**Work to be completed**.
Set down, please, exactly the lines below that run from the line with "en acier inoxydable" to the line with "Disney Cudlie Baby", both lines included.

___ Task data ___

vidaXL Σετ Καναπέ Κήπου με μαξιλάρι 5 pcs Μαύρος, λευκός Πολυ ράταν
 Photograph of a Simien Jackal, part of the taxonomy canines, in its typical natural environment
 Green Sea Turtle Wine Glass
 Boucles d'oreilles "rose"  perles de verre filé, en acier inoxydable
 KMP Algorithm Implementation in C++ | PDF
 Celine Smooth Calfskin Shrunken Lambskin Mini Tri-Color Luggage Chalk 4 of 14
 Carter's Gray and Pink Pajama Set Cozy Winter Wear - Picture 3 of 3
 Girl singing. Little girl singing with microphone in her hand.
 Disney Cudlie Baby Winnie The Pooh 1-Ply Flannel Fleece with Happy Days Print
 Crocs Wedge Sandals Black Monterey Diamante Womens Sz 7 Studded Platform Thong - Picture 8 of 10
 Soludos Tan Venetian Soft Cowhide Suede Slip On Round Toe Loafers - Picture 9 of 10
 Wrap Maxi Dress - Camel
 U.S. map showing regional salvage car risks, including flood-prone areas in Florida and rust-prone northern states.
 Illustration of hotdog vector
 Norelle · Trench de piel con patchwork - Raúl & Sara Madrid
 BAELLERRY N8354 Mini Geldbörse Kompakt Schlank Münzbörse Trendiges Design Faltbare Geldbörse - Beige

___

**Output**.
 Boucles d'oreilles "rose"  perles de verre filé, en acier inoxydable
 KMP Algorithm Implementation in C++ | PDF
 Celine Smooth Calfskin Shrunken Lambskin Mini Tri-Color Luggage Chalk 4 of 14
 Carter's Gray and Pink Pajama Set Cozy Winter Wear - Picture 3 of 3
 Girl singing. Little girl singing with microphone in her hand.
 Disney Cudlie Baby Winnie The Pooh 1-Ply Flannel Fleece with Happy Days Print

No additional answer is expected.